The city has long been grappling with an increase in homelessness, a spike that began during the Bloomberg administration but has become more visible, especially to the media, over the last few months. That increase has sparked 311 complaints, tabloid outrage, and some action from City Hall. And, according to a story in DNAinfo this week, a handful of real estate brokers say they sometimes have trouble closing because of the presence of panhandlers and other homeless folk near their properties.

"I get approached at least once a day by a homeless person asking for change or food," one broker for Mirador Real Estate told DNAinfo. "This used to happen like once in a blue moon but now it has even affected business," the broker said, adding that panhandlers in neighborhoods like Chinatown, Washington Heights, Prospect Heights, and the South Bronx have been "more aggressive" recently.

The piece profiles a few prospective buyers and renters who chose to look elsewhere after spotting, say, a homeless person looking for cash outside a building they were considering, or a shirtless man passed out in front. One single woman looking at a walk-up in Hell's Kitchen eventually opted to rent in a doorman building; another, a pair of brothers in their 20s, passed on purchasing on West 25th Street over concerns about one of their girlfriends walking home at night.

Hey, it's your money, rent where your heart and bank account takes you. You can care about combating homelessness while still reasonably fearing a stranger who followed you into your building—though, as a spokesperson for Coalition for the Homeless pointed out, homeless people actually "tend to be victims of crime rather than perpetrators."

It is, however, quite hard to be sympathetic to the plight of the real estate broker who is struggling to sell to folks in SoBro.

There are a number of factors that contribute to homelessness—mental illness, chronic illness, drug addiction, job loss, disability, and family tragedy, to name a few—but in New York City, affordable housing is the central issue.
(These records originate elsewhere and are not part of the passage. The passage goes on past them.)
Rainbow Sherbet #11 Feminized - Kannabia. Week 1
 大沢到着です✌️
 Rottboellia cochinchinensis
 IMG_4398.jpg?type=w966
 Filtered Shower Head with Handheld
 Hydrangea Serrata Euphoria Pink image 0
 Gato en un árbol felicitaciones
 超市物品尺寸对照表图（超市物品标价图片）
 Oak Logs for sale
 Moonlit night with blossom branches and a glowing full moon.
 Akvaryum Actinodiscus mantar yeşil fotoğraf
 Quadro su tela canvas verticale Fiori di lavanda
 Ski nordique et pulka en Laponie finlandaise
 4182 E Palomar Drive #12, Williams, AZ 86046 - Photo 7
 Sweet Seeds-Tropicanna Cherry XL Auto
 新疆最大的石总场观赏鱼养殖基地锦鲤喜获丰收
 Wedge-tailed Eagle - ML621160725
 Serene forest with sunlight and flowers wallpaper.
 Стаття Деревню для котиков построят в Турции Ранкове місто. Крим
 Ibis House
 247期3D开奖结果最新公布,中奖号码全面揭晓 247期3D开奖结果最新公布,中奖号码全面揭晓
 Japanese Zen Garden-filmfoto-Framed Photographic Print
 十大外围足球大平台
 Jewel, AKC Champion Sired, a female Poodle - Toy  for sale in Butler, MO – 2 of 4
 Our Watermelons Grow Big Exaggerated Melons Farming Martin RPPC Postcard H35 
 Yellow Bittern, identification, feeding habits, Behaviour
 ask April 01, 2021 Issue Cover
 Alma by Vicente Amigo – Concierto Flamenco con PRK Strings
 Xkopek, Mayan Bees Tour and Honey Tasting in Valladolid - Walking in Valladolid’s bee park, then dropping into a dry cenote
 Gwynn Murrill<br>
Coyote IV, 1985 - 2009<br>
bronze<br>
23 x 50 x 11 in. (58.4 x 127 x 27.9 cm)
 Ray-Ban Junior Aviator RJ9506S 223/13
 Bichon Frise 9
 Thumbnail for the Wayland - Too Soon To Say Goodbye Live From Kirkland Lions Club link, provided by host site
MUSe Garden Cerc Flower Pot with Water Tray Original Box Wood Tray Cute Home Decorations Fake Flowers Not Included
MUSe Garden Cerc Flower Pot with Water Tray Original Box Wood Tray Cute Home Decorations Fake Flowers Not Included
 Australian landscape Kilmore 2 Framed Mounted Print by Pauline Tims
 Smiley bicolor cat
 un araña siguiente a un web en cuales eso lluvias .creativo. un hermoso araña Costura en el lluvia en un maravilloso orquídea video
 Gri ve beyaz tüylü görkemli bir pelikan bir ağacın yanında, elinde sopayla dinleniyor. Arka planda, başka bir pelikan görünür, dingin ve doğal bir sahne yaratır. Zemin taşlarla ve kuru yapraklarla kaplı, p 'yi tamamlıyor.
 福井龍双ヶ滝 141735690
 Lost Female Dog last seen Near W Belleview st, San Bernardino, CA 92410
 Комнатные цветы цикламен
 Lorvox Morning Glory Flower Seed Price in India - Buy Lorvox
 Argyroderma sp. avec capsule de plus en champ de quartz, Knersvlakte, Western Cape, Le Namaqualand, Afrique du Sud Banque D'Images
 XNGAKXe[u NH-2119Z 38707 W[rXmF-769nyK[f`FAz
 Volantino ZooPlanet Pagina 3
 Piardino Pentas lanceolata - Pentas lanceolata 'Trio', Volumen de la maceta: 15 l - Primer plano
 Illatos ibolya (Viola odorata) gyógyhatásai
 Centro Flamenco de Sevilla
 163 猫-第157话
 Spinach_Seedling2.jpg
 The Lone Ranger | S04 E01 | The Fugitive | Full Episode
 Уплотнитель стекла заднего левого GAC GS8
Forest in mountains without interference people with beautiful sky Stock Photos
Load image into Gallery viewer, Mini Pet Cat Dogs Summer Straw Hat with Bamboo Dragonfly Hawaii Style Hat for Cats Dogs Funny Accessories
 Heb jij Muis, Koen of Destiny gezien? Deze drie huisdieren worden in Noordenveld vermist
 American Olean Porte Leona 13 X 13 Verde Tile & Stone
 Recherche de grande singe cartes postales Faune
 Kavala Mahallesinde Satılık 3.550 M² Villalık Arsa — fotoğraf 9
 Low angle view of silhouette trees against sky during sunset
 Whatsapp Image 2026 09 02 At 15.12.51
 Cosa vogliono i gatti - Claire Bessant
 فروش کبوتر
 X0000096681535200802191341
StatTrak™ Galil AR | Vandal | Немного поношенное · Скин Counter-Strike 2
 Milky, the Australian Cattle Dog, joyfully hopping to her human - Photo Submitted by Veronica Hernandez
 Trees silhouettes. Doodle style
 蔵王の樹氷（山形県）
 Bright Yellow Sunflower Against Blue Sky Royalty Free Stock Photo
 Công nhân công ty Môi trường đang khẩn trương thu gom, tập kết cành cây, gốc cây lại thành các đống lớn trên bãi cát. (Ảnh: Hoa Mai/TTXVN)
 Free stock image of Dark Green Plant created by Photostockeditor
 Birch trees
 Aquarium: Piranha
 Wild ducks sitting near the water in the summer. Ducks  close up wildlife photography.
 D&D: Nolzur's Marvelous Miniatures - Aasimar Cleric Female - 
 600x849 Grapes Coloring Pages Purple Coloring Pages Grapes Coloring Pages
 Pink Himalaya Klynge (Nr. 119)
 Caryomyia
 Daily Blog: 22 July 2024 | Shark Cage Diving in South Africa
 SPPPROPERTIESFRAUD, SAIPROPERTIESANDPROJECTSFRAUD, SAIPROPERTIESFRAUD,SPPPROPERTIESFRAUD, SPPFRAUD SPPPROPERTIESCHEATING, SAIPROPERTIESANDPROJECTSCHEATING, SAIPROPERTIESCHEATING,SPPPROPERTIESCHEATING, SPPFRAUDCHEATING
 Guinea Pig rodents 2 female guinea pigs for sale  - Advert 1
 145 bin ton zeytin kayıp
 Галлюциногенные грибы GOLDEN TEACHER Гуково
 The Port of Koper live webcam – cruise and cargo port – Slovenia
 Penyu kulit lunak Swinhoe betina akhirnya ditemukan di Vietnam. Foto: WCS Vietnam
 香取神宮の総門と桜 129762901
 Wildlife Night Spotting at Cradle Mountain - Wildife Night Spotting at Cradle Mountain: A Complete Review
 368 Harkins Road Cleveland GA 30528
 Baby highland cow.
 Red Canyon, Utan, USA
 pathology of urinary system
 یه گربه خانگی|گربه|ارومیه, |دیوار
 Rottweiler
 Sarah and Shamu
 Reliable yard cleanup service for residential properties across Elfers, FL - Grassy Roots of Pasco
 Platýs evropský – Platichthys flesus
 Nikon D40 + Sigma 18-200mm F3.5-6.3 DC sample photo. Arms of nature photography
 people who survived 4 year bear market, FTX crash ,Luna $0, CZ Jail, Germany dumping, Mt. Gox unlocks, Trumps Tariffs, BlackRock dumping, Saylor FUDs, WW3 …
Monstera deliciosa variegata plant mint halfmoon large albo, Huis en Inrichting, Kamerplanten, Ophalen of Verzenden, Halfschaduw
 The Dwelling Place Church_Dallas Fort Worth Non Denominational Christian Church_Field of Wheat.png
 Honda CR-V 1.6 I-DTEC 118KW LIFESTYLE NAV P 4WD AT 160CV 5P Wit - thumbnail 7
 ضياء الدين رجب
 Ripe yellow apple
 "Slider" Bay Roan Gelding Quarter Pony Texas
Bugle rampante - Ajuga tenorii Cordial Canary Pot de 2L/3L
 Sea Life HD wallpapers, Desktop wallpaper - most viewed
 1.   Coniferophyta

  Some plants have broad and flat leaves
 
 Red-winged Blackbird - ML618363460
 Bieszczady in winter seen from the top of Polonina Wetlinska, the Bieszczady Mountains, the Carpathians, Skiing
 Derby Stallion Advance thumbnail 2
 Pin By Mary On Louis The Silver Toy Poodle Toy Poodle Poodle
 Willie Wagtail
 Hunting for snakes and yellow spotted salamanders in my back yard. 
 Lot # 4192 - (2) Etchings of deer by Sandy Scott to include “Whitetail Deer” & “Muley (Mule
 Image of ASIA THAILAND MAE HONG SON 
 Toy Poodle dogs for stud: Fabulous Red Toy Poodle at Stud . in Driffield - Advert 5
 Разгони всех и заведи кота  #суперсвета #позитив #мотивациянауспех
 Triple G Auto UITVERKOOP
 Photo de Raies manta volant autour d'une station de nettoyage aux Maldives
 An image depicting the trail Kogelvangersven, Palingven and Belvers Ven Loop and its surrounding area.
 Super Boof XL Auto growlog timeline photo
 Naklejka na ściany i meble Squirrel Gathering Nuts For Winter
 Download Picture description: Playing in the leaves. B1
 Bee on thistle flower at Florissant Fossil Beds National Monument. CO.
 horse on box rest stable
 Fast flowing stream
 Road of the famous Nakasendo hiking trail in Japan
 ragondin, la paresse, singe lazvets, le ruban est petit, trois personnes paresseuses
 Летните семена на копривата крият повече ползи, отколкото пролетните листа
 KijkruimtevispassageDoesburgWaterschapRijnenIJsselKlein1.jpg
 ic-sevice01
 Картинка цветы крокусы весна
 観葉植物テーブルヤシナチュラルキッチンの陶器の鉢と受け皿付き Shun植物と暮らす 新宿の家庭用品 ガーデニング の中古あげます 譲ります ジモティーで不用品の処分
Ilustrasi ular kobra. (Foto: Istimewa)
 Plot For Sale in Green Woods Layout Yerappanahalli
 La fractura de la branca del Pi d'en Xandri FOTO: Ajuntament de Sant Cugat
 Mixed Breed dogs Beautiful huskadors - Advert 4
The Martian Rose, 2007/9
Homelessness experts and advocates have pinpointed the start of the city's homelessness spike to 2005, when the Bloomberg administration stopped giving priority referrals for federal housing programs to homeless children and families; eventually, the administration killed housing assistance for homeless families altogether, and the homeless and shelter population soared.

That might not be the real estate lobby's fault, but it goes without saying that the gentrification they love so much has priced out families, pushing many into homelessness. We can argue endlessly about whether or not gentrification is all bad—perhaps the longterm effects remain to be seen, maybe not. What we do know, though, is that real estate agents have knowingly rebranded neighborhoods and helped to push rents up faster than the cost of inflation, leaving the city full of people who can freak out the lucky few simply by being "shirtless."

Real estate brokers are the foot soldiers of the largest, most powerful lobby in NYC and NY State, and now some of them have the nerve to whine about people who can't afford the obscene cost of shelter—which their very industry has engendered? The field of nanotechnology has yet to design a violin small enough to soundtrack their struggles.